Luis T. Diaz Coliseum Coliseo Luis T. Diaz
- Interactive map of Luis T. Diaz Coliseum Coliseo Luis T. Diaz
- Location: Marina Street Aguadilla, PR 00604
- Coordinates: 18°25′34″N 067°09′19″W﻿ / ﻿18.42611°N 67.15528°W
- Owner: City of Aguadilla
- Operator: City of Aguadilla
- Capacity: 2,500+

Construction
- Opened: 1971
- Renovated: 2005
- Closed: 2017

Tenants
- Aguadilla Sharks (BSN) (1980s-1998) Aguadilla Divas (FSVL) (2006-2008)

= Luis T. Diaz Coliseum =

Arena in Aguadilla, Puerto Rico

Luis T. Diaz Coliseum (Spanish: Coliseo Luis T. Diaz) was the main arena in Aguadilla, Puerto Rico. It is located on Marina Street facing the Atlantic Ocean. Currently seats 2,500+ for basketball & volleyball games and it is the former home of the Las Divas de Aguadilla of the Female Superior Volleyball League. Named after Luis T. Diaz who taught sports to the youth of the city. Formerly home to the Aguadilla Sharks of the National Superior Basketball League as well.

==History==
The Coliseum opened to the public in 1971 as the main arena in the city hosting many events like Basketball games, Volleyball games, Pro Wrestling events, and Church Gatherings among others.

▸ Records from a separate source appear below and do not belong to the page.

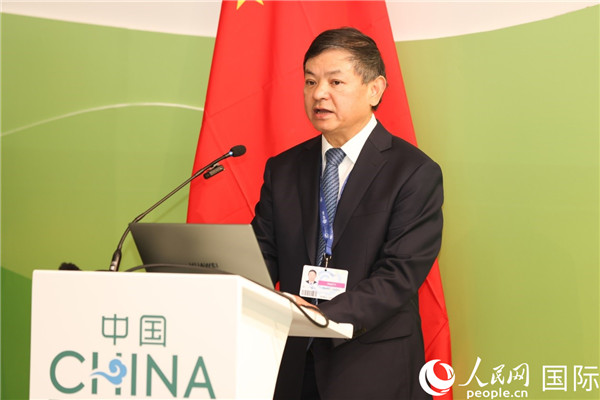 中國(guó)生態(tài)環(huán)境部部長(zhǎng)黃潤(rùn)秋致辭。人民網(wǎng)記者任皓宇攝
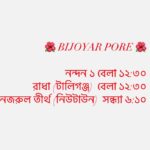 Swastika Mukherjee Instagram – এই টা হয়ত আমাদের শেষ সপ্তাহ । 
যাবেন, বড় পর্দায় ছবিটা দেখবেন 🌺🙏 
.
@abhijitsridasofficial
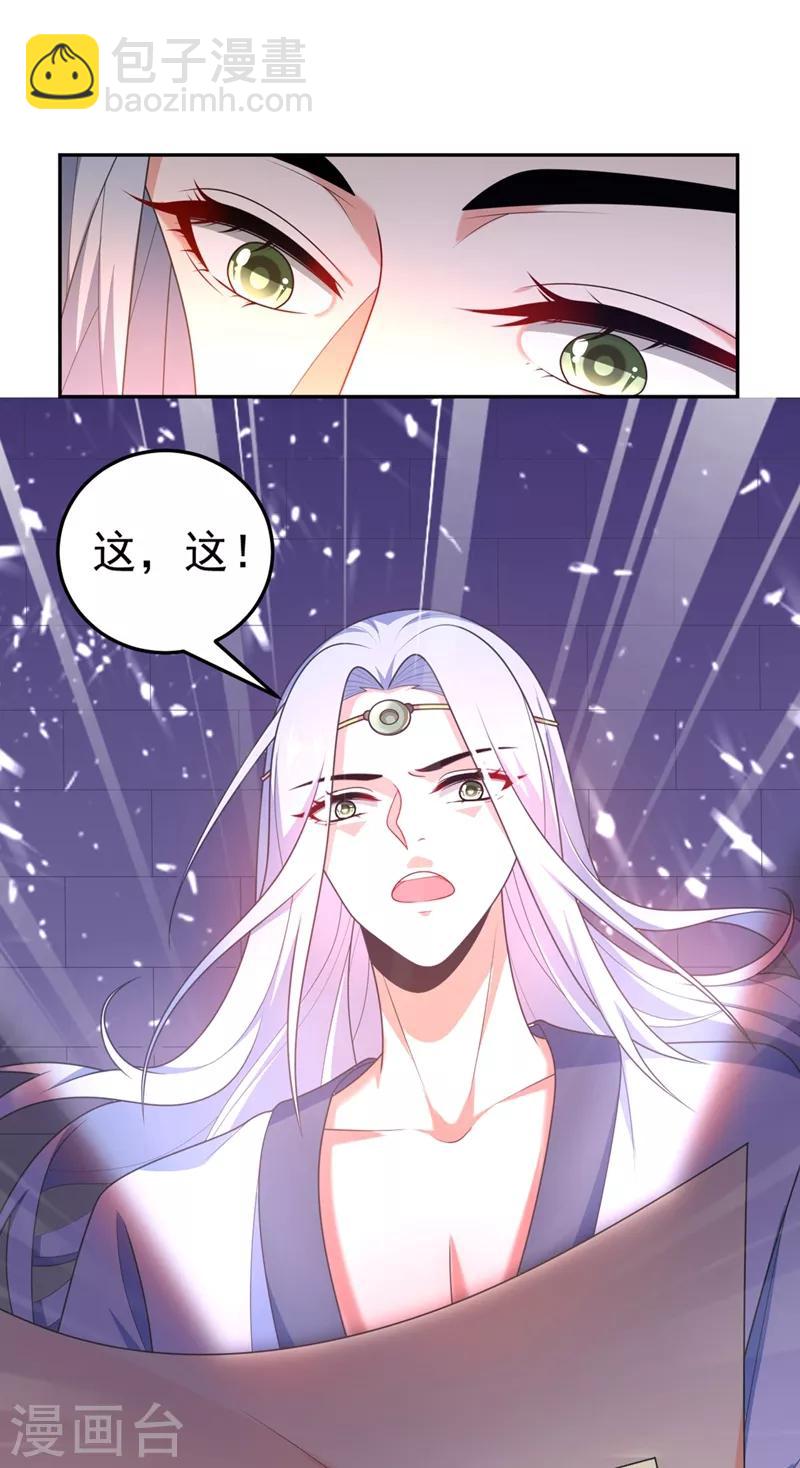 第3话 千古第一大草包-第4话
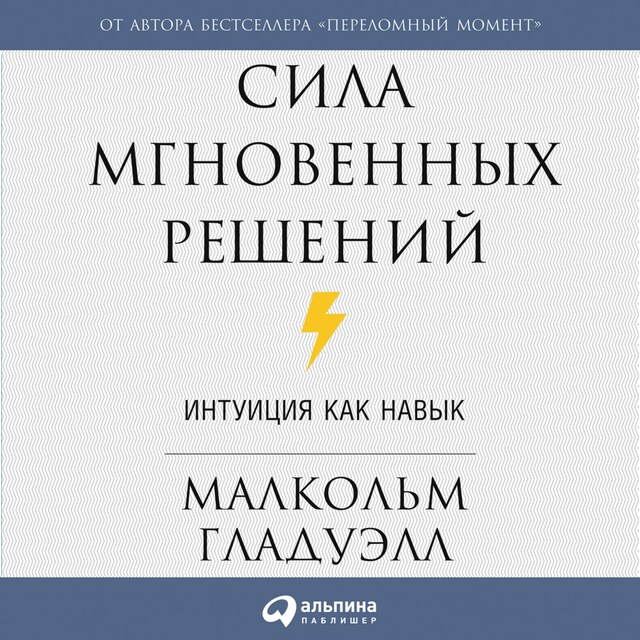 Okładka książki dla Сила мгновенных решений: Интуиция как навык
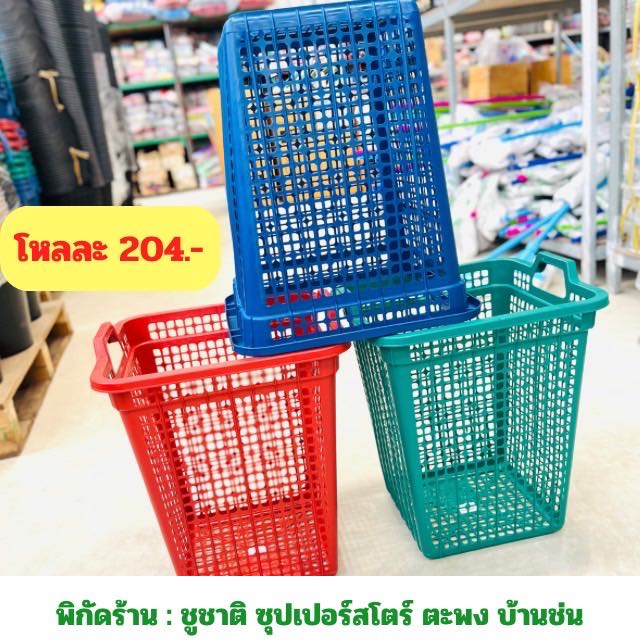 ตะกร้าเหลี่ยม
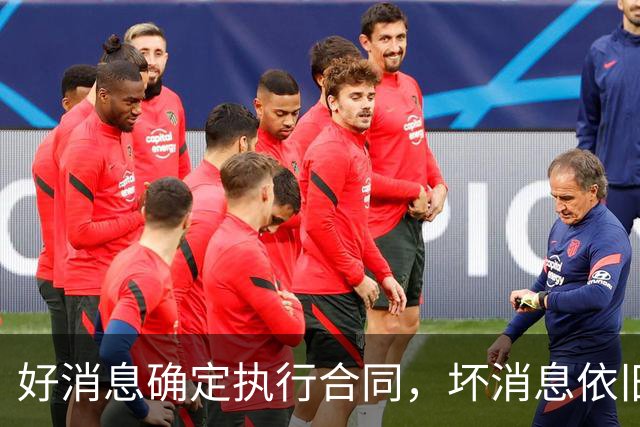 好消息确定执行合同，坏消息依旧垃圾时间登场，开拓者你要干什么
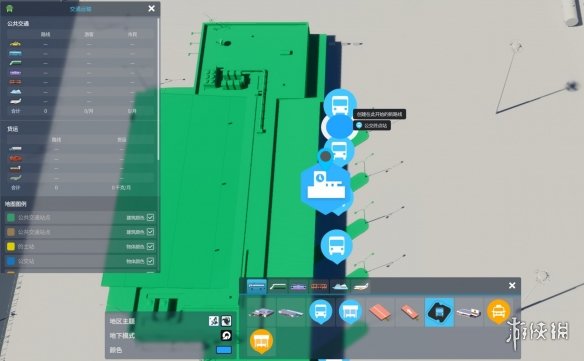 城市天际线2公交线路设置教学-城市天际线2公交线路怎么设置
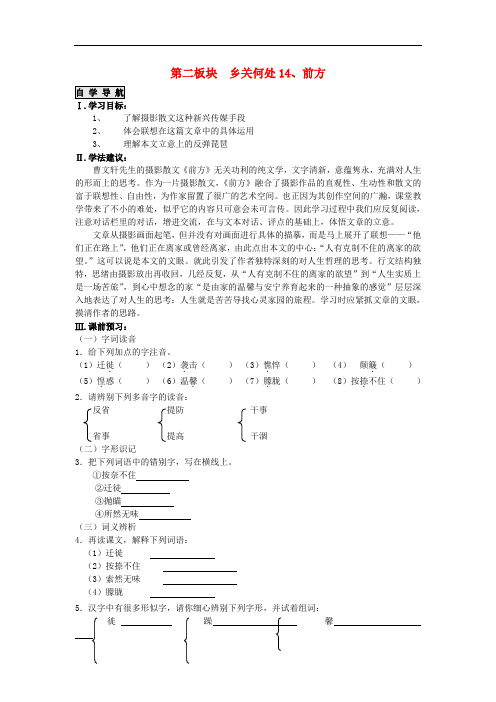 高考语文 《课时 周测 月考》 《前方》 苏教版必修1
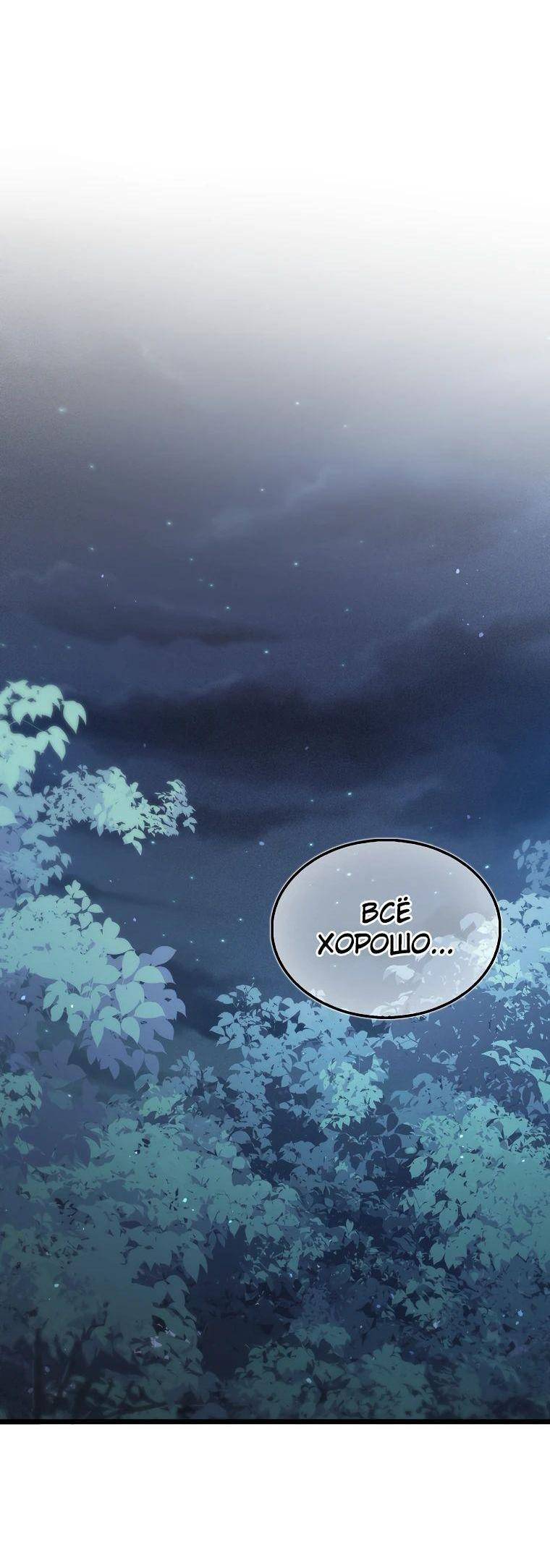 Страница 33 главы 147 манги Насколько же богат этот граф?! / The Lord of Coins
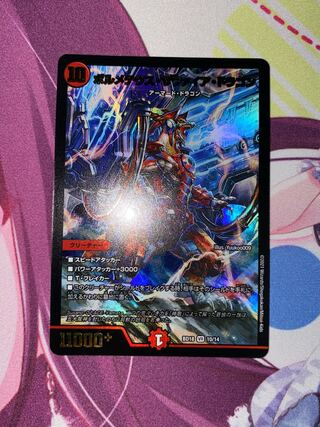 Volmeteus Luster Dragon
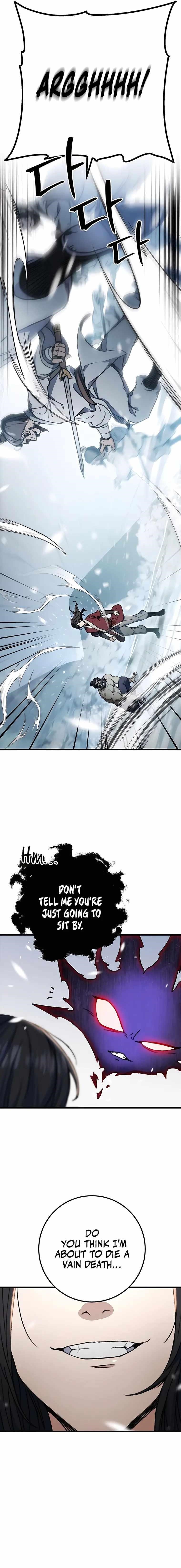 THE EMPEROR’S SWORD Chapter 5 - Page 6 in English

In the lobby, there was a plaque of Luis T. Diaz and in a room showing a lot of trophies from various sports and a picture of the 2006 Aguadilla Divas.

The Coliseum was renovated in 2005 when the city learned that the Divas were coming to play in the building. Also the Coliseum hosts city activities, Pro Wrestling events from both IWA, Caribbean Pro Wrestling, and the WWC, Elementary, Middle & High School Graduation Celebrations.

After Hurricane Maria in 2017, the coliseum remained closed and abandoned.